PROMPT
Which lines run from the one containing "Piani-Ciapin Apartment |" through the end of the data? Write them out exactly, with the pictures left out.

MATERIAL TO PROCESS

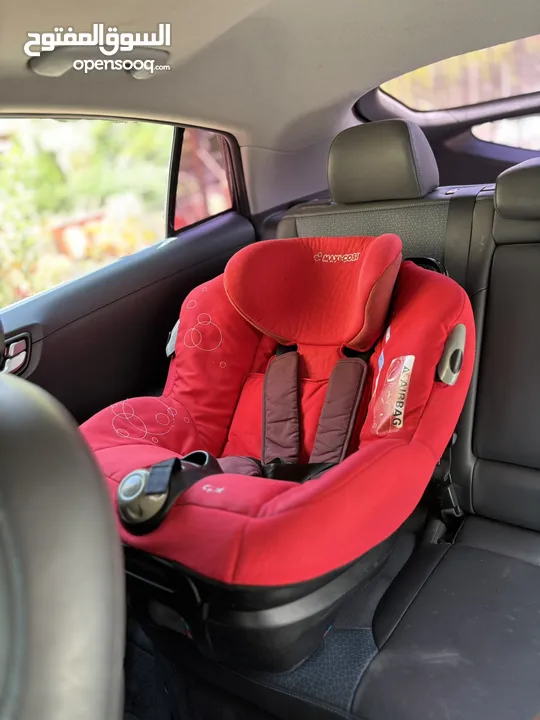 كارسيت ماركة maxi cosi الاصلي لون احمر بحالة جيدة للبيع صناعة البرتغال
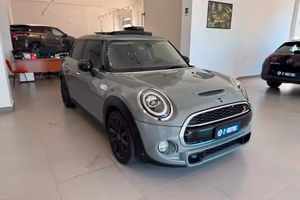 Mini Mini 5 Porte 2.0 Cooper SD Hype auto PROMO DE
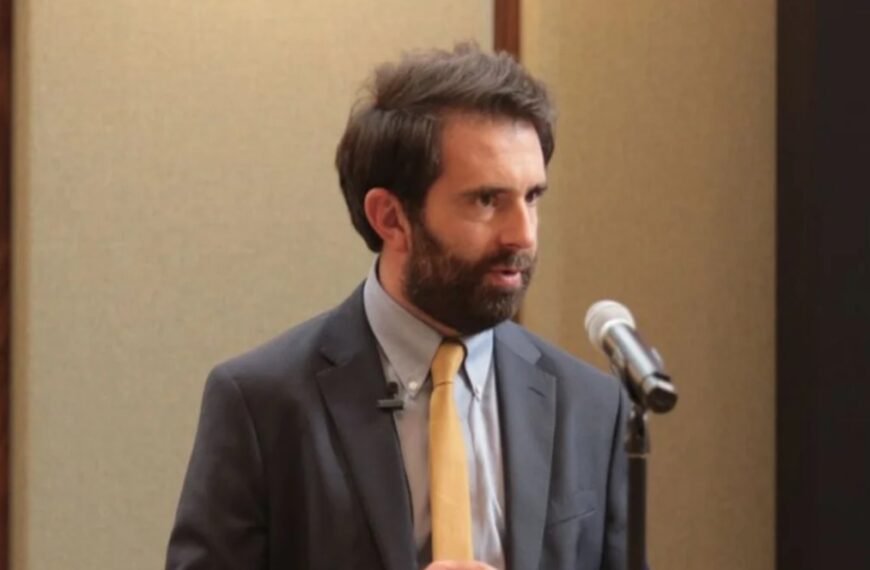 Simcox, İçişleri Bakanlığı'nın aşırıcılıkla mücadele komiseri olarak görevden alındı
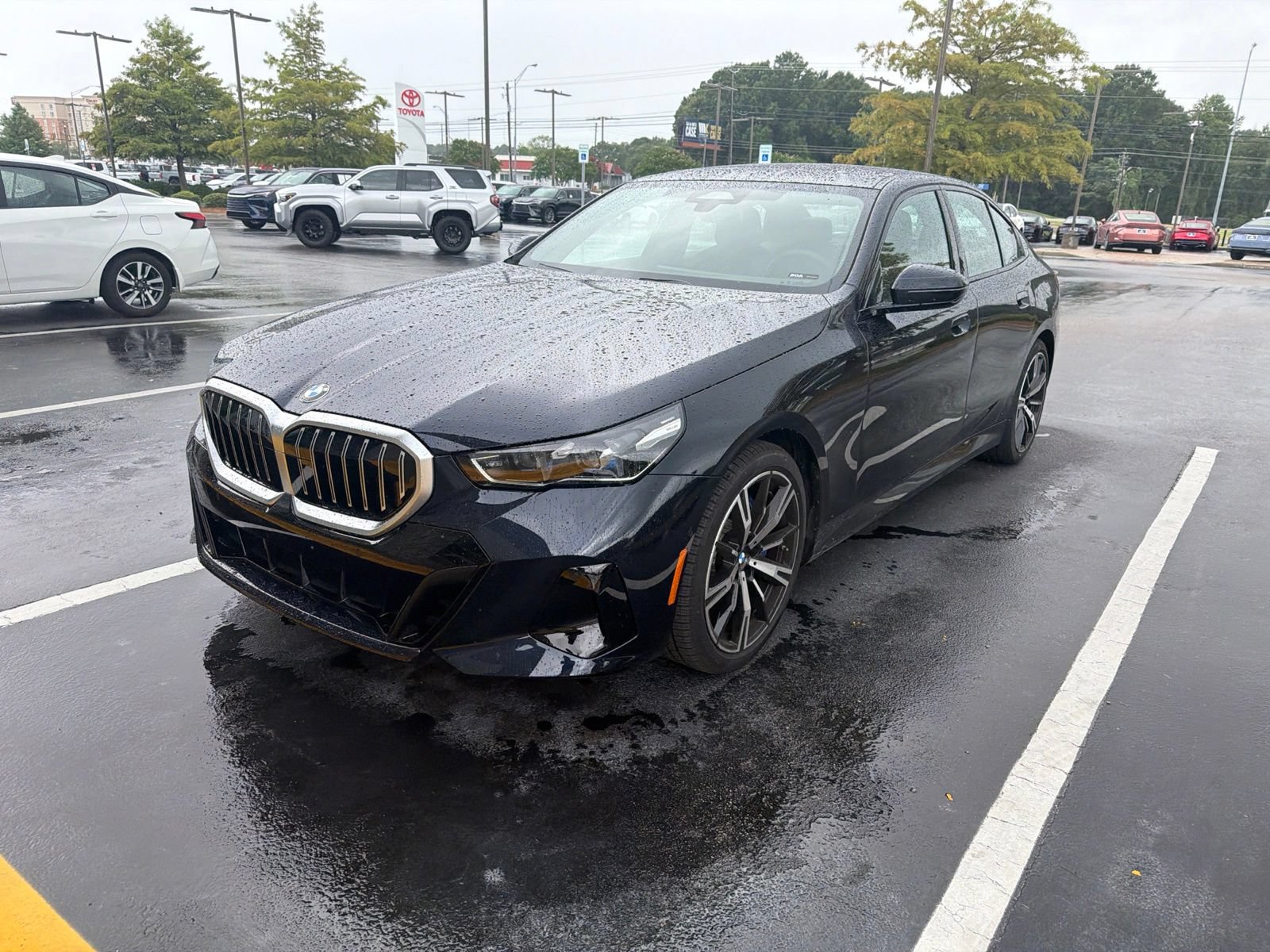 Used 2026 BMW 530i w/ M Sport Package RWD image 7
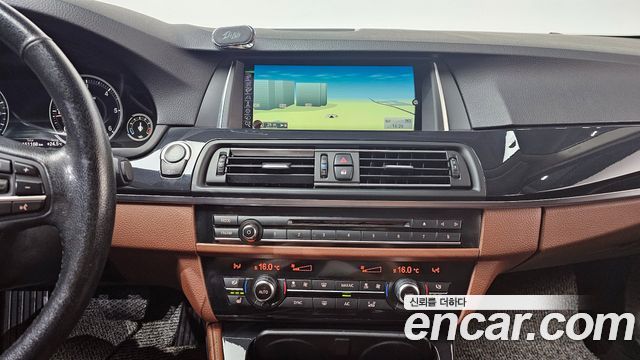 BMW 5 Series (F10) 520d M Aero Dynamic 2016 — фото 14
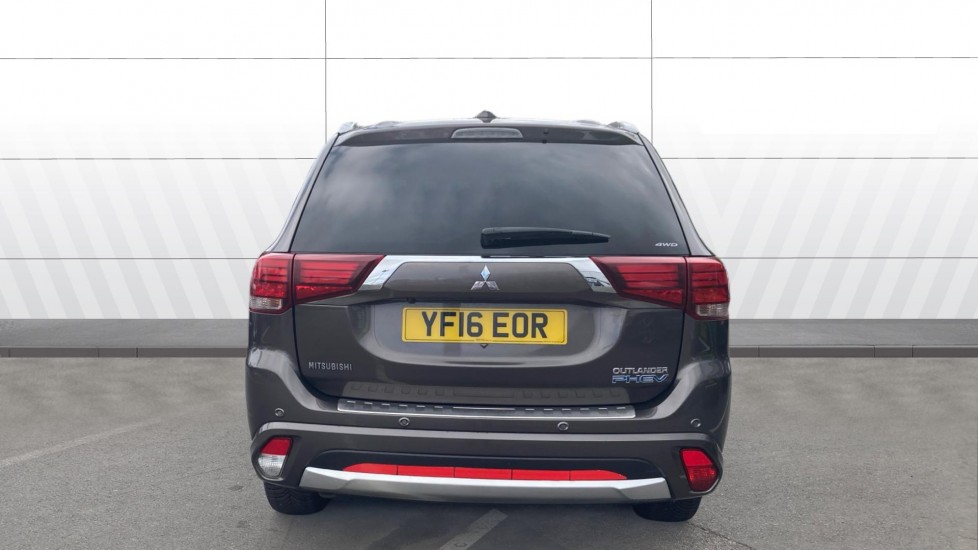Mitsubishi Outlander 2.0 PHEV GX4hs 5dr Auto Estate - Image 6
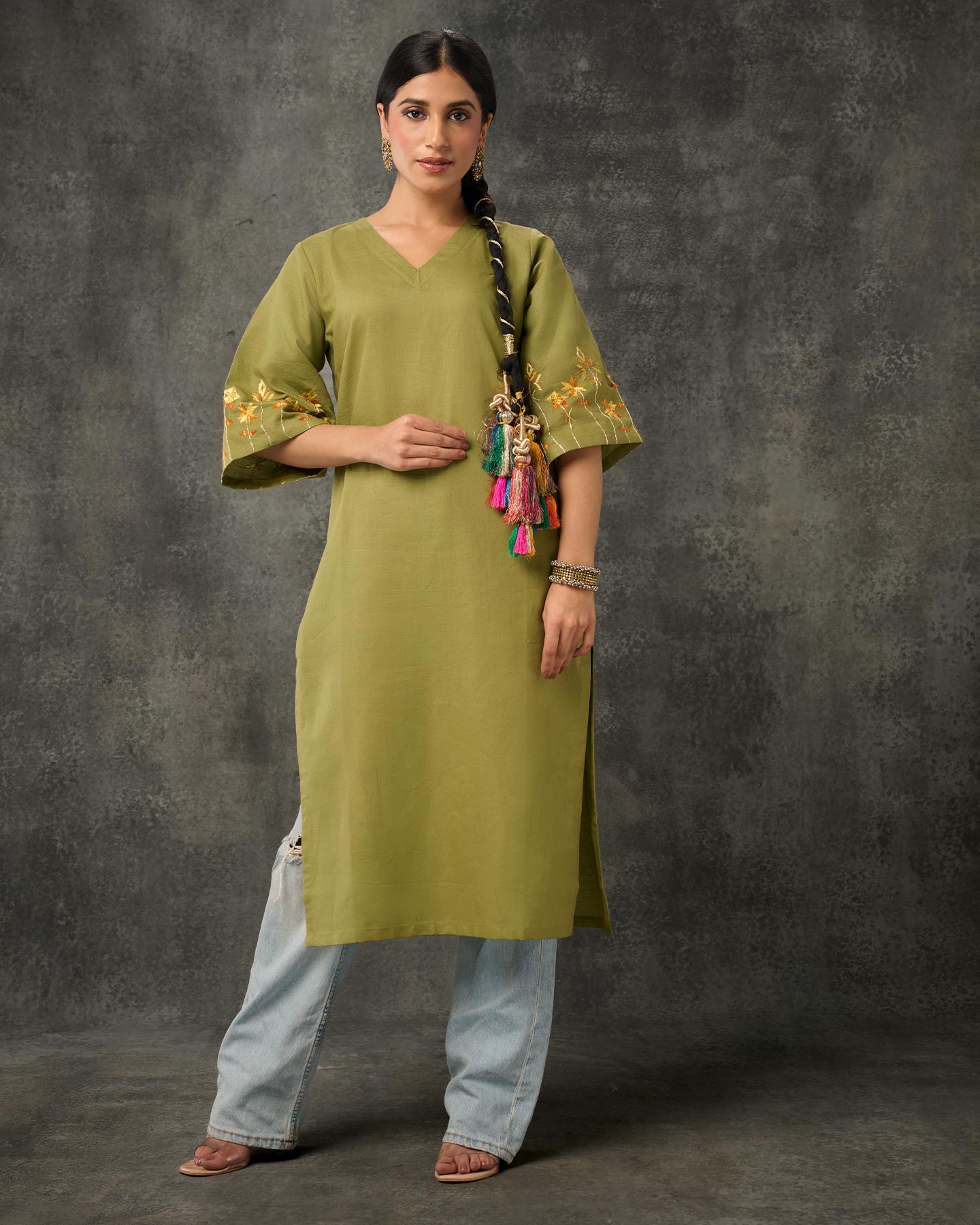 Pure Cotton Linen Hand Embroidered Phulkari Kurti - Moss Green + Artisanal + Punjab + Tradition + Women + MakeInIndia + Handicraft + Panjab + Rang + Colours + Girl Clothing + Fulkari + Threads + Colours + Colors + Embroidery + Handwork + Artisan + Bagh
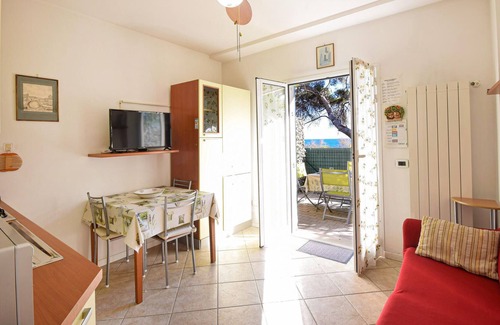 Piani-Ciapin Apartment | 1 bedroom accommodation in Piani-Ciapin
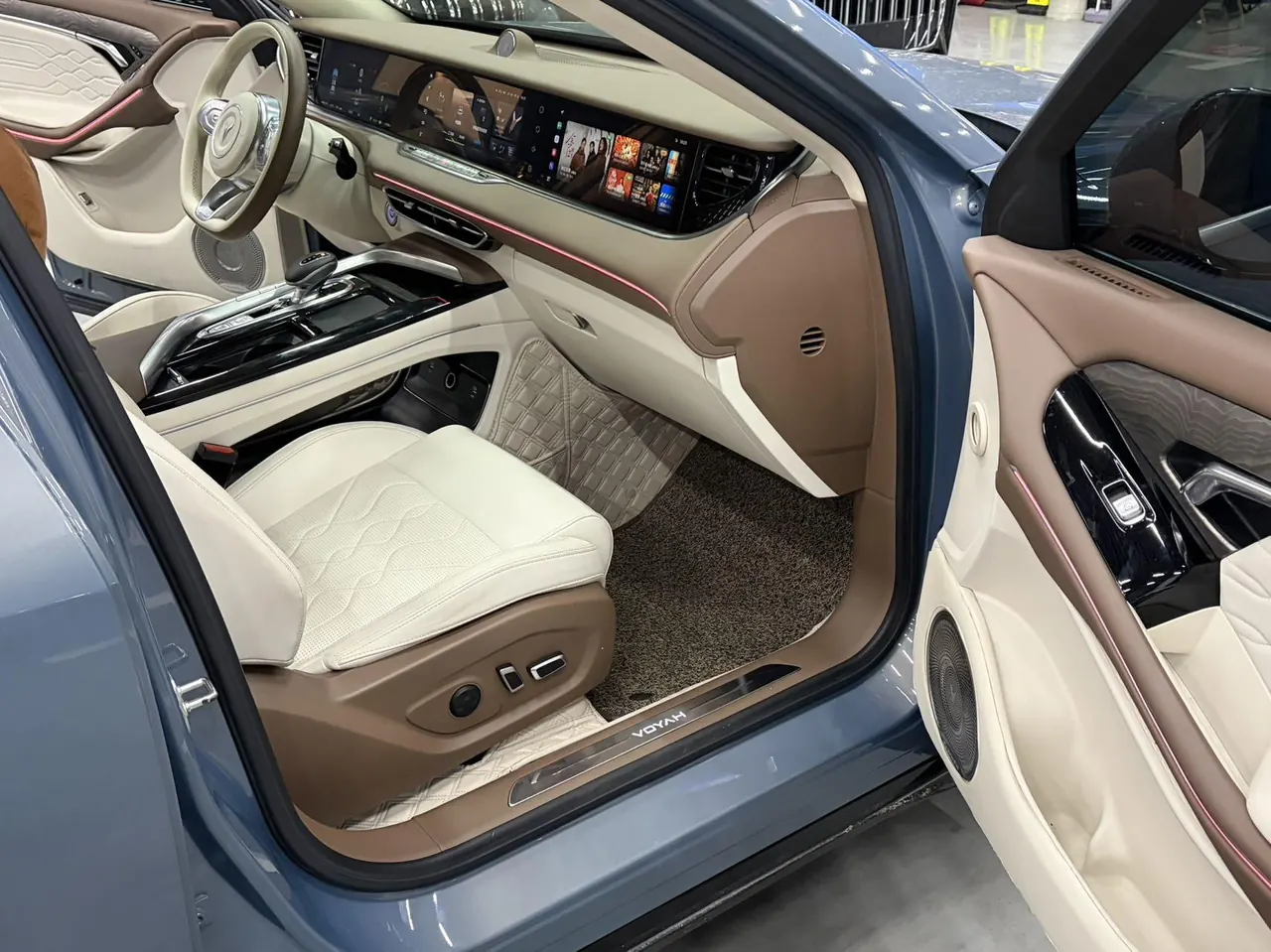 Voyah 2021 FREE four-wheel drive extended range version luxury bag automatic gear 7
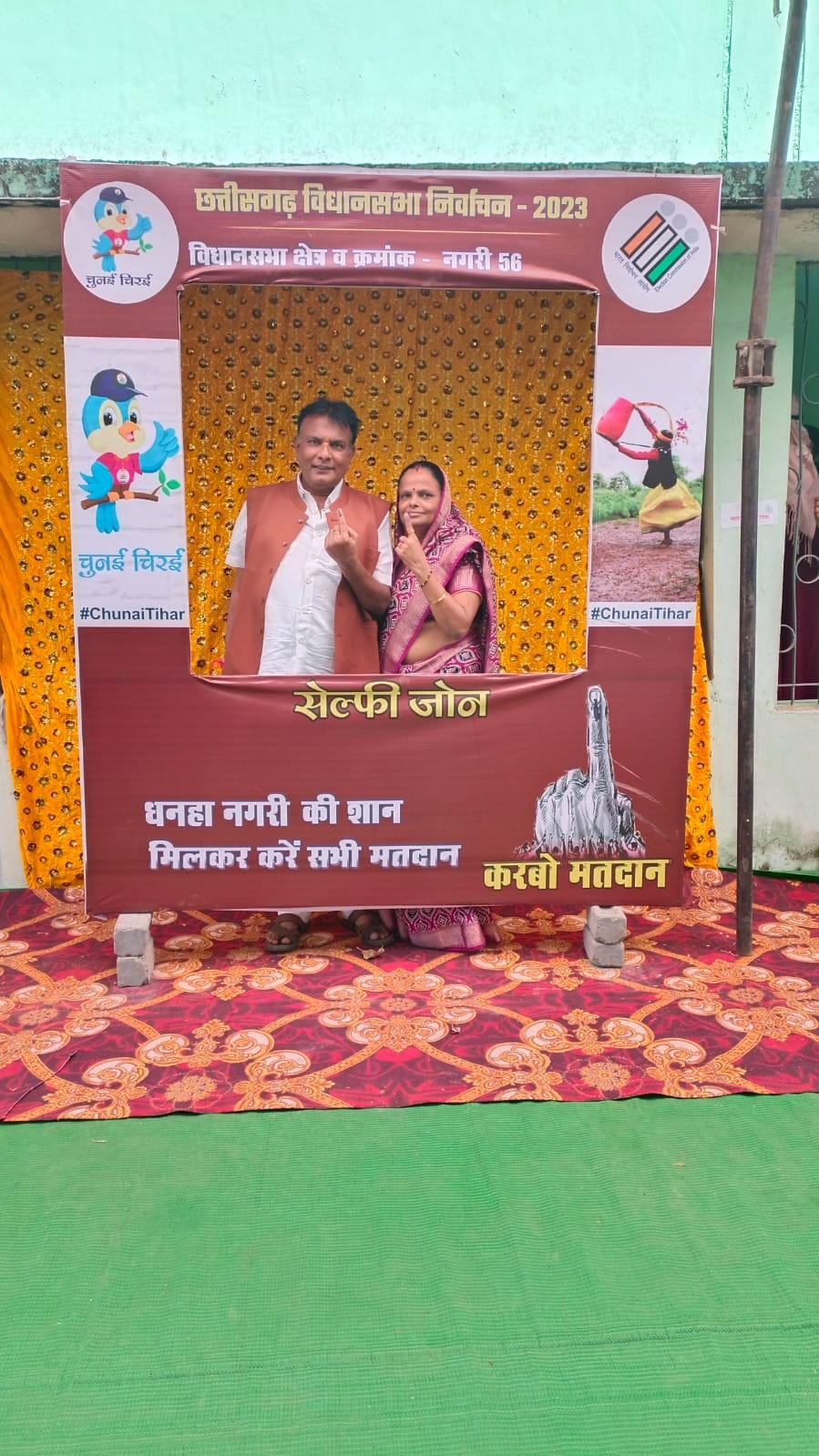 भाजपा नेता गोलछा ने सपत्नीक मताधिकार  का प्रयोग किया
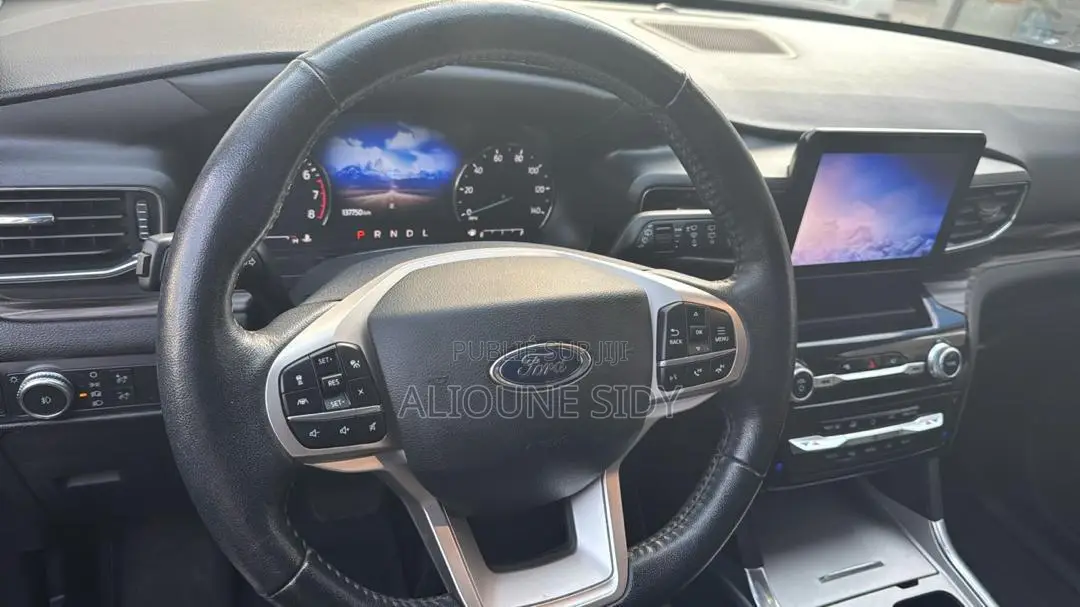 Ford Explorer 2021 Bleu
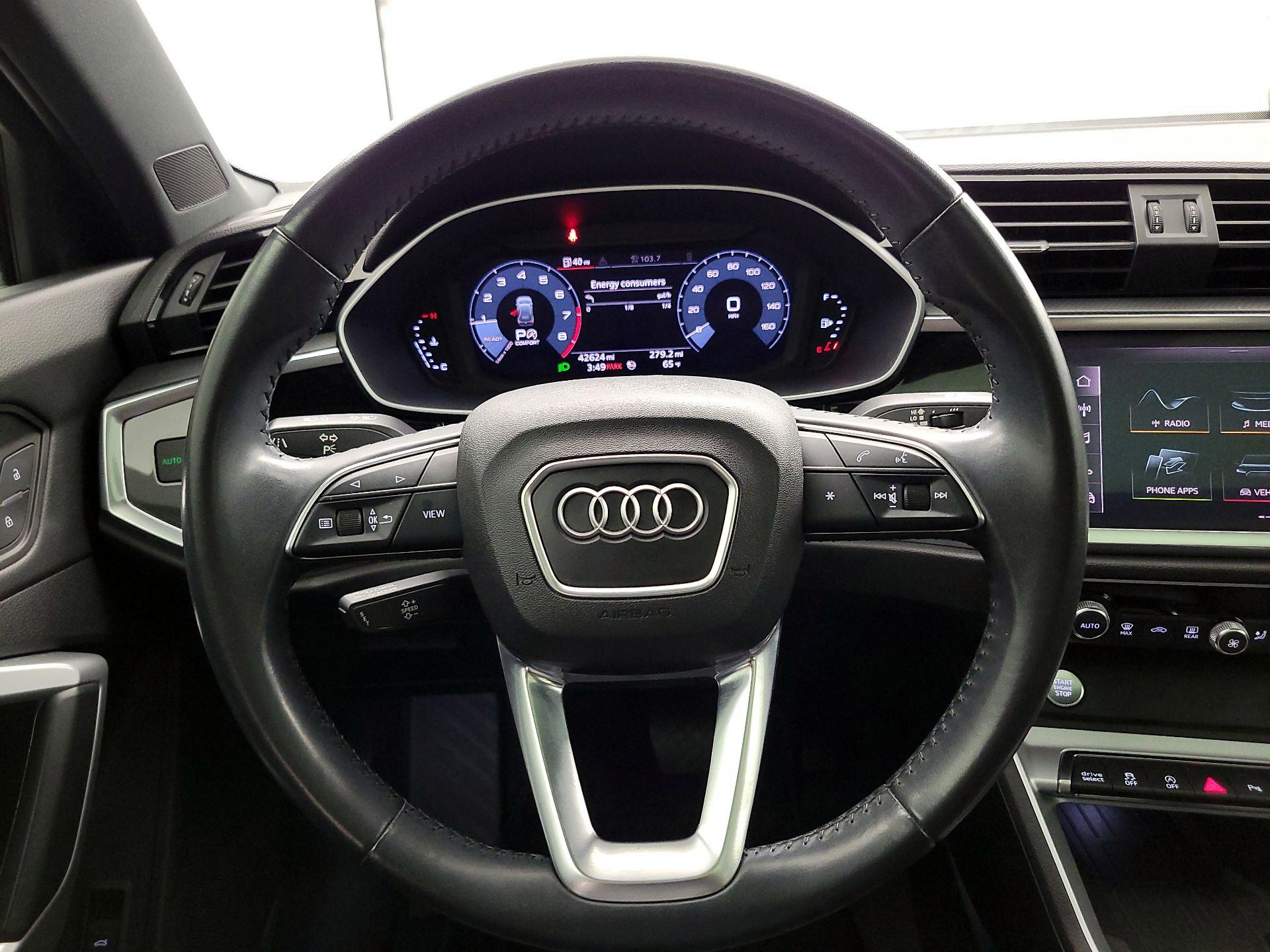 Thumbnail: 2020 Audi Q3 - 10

RESPONSE AREA
 Piani-Ciapin Apartment | 1 bedroom accommodation in Piani-Ciapin
 Voyah 2021 FREE four-wheel drive extended range version luxury bag automatic gear 7
 भाजपा नेता गोलछा ने सपत्नीक मताधिकार  का प्रयोग किया
 Ford Explorer 2021 Bleu
 Thumbnail: 2020 Audi Q3 - 10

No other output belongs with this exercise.